Usually, when the data shows a candidate has an unbeatable lead, the major US networks declare one candidate the winner. This tends to happen in the early hours of the morning after voting day.

These are not official, final results - they are projections, and the final official tally has always taken days to count.

But this year's massive volume of postal votes means the counting is taking longer, especially as some battleground states have not allowed counting ahead of election day.

So they have had to count everything on the day itself, and counting postal votes can take longer than in-person votes due to verification requirements.

If races are too close to call, and neither candidate concedes, it's normal for the counting to go on, says Matthew Weil, director of the Bipartisan Policy Research Center's elections project.

Before Tuesday's vote, there were more than 300 lawsuits across 44 states regarding postal and early voting in elections this year.

They centred on a range of issues such as the deadline for posting and receiving ballots, the witness signatures required and the envelopes used to post them.

Republican-run states said restrictions were necessary to clamp down on voter fraud. But Democrats said these were attempts to keep people from exercising their civic rights.

The president's campaign said it has requested a recount in Wisconsin "based on abnormalities seen" on Tuesday.

It's unclear when this recount would take place, however, since typically these do not happen until after the county officials finish reviewing the votes. The state's deadline for this part of the process is 17 November.

Columbia University Law School professor Richard Briffault says there was a recount in Wisconsin in 2016 as well, and it "changed about a hundred votes".

"A recount is not a means of, challenging the legality of a vote," he explains. "It's just about literally a means of making sure that the calculations are right."

Mr Trump won the state in 2016 by his slimmest margin - just over 10,700 votes. On 4 November, his campaign announced a lawsuit to stop the count there, though 96% of the votes have already been unofficially tallied by local election officials.

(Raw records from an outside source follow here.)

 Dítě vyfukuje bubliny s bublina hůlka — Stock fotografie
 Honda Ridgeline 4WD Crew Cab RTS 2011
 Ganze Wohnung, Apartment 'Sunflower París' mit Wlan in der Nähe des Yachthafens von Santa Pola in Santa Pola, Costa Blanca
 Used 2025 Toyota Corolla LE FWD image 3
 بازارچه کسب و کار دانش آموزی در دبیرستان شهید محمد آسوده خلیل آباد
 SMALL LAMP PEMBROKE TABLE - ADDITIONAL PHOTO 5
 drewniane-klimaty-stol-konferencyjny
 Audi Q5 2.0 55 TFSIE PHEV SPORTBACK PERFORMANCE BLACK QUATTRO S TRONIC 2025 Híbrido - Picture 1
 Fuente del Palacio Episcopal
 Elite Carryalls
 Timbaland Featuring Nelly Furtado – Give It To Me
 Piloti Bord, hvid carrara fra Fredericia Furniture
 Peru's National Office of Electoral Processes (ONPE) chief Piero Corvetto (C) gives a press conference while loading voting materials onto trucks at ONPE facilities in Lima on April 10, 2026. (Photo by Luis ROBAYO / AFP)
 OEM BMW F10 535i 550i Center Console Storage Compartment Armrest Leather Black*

Thousands of votes remain uncounted and many come from regions that are historically Democratic, but US outlets and the BBC are projecting a win for Mr Biden.

The challenge here centres on the state's decision to count ballots that are postmarked by Election Day but arrive up to three days late. Republicans are seeking an appeal.

Mr Weil says he is most concerned about this dispute as the nation's top court was deadlocked on it before the election and before Justice Amy Coney Barrett joined.

"They did indicate in some of their dissents that they would be interested in taking it after. So I do think there is a risk that some of those [postal] ballots that were cast by election day and not received until Friday may be discarded. I think that would be the wrong result, but I think that is a legally possible result."

But Weil adds that the election would have to be "very, very close for that to matter". He points out that state officials had sent out messaging ahead of election day urging voters to turn in their absentee ballots at polling places instead of posting them. "So my guess is that it's not going to be a huge number of ballots that could be thrown out, if that was the case."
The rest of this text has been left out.